WORK ORDER ▸ Below this line are records; transcribe exactly the lines between the one holding "Boston Bruins Bobby" and the one holding "uzglabāšanas kastes ar", inclusive, and omit the pictures.

RECORDS FOR THE EXERCISE ▸
####################

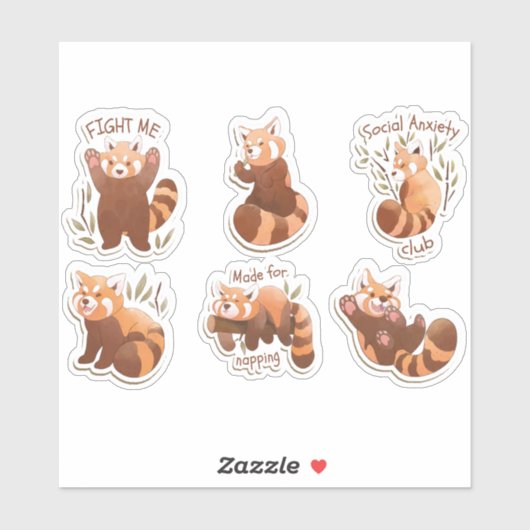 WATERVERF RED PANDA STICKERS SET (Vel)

####################

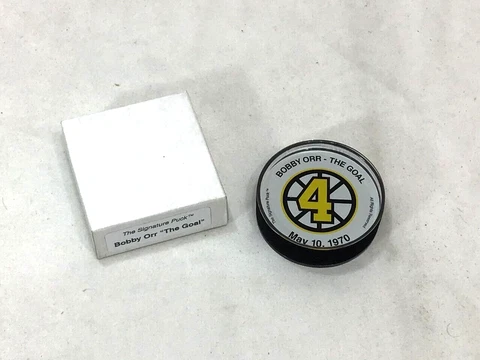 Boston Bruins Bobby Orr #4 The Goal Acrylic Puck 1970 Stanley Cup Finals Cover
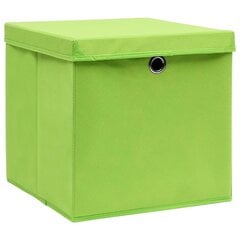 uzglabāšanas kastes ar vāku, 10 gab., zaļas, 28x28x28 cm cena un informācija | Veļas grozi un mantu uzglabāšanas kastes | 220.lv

####################

TASK OUTPUT ▸
 Boston Bruins Bobby Orr #4 The Goal Acrylic Puck 1970 Stanley Cup Finals Cover
 uzglabāšanas kastes ar vāku, 10 gab., zaļas, 28x28x28 cm cena un informācija | Veļas grozi un mantu uzglabāšanas kastes | 220.lv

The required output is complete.